(Captioned web image data)

※

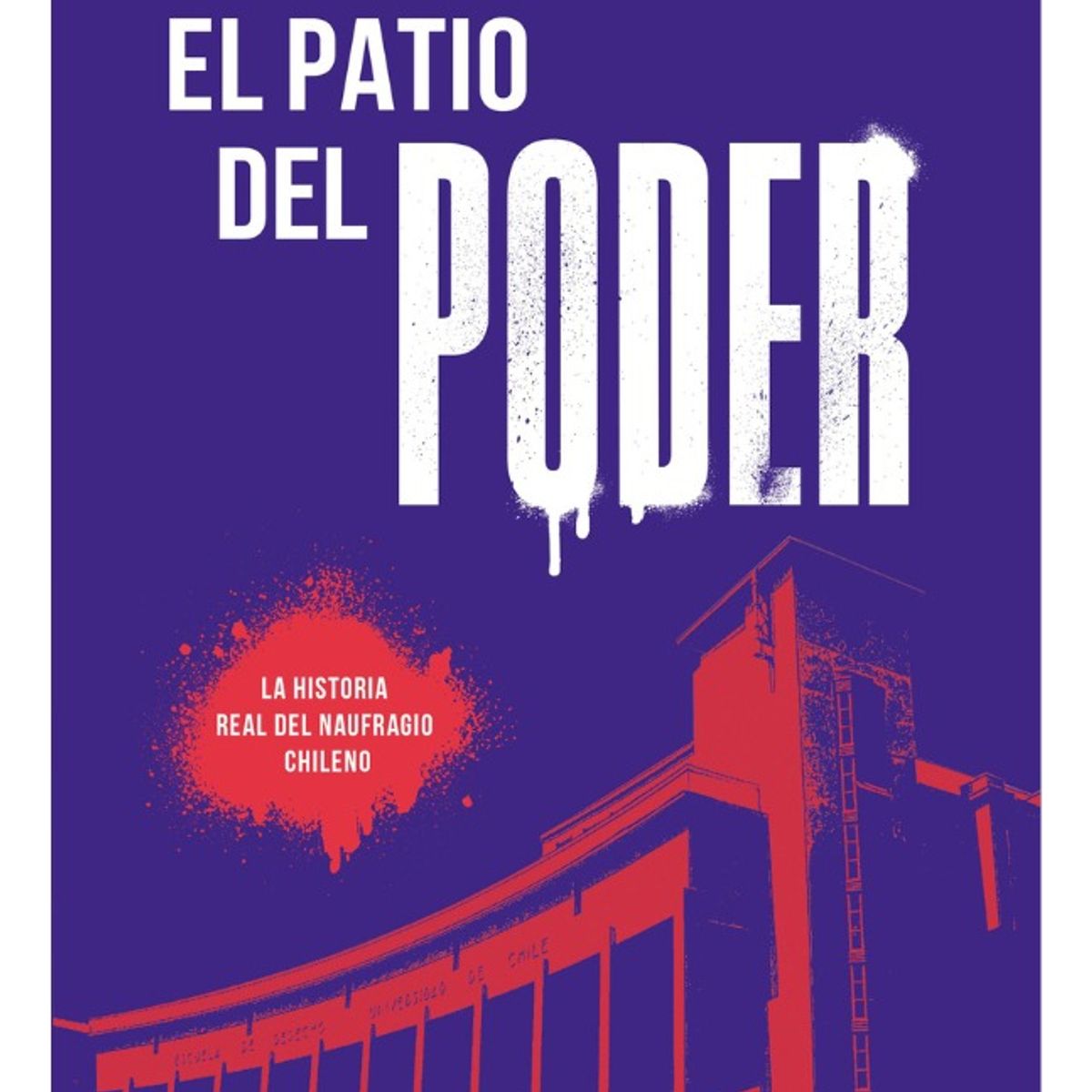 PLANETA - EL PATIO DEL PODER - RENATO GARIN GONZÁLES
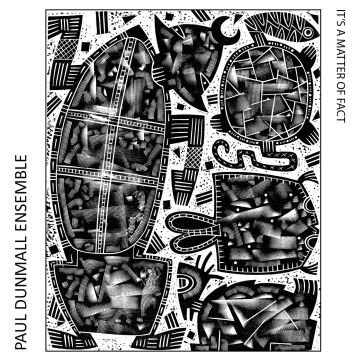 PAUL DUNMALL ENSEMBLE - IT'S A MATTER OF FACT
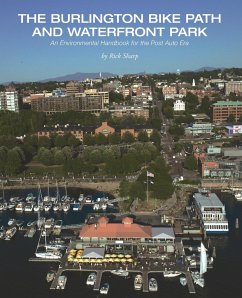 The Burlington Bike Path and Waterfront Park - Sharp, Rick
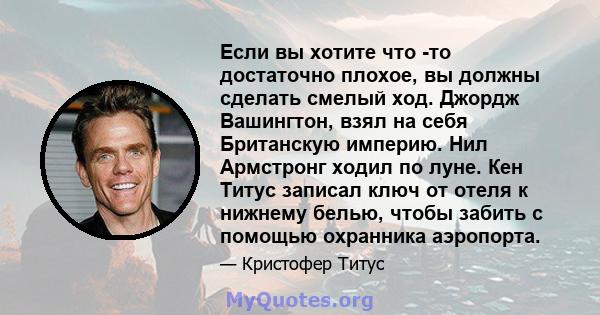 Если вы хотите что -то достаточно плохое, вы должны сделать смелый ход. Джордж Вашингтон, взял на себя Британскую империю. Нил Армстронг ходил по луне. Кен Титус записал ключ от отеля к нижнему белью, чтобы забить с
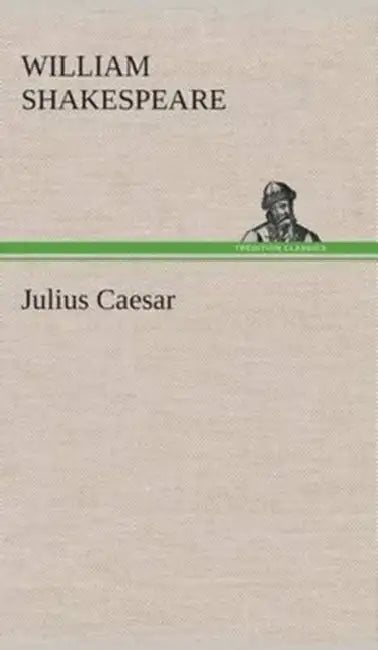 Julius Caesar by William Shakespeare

※

● **Requirement**
From the line that contains "The Burlington Bike" down to the final line of the entries above, please copy each line exactly, excluding pictures.

● **Result of the exercise**
 The Burlington Bike Path and Waterfront Park - Sharp, Rick
 Если вы хотите что -то достаточно плохое, вы должны сделать смелый ход. Джордж Вашингтон, взял на себя Британскую империю. Нил Армстронг ходил по луне. Кен Титус записал ключ от отеля к нижнему белью, чтобы забить с
 Julius Caesar by William Shakespeare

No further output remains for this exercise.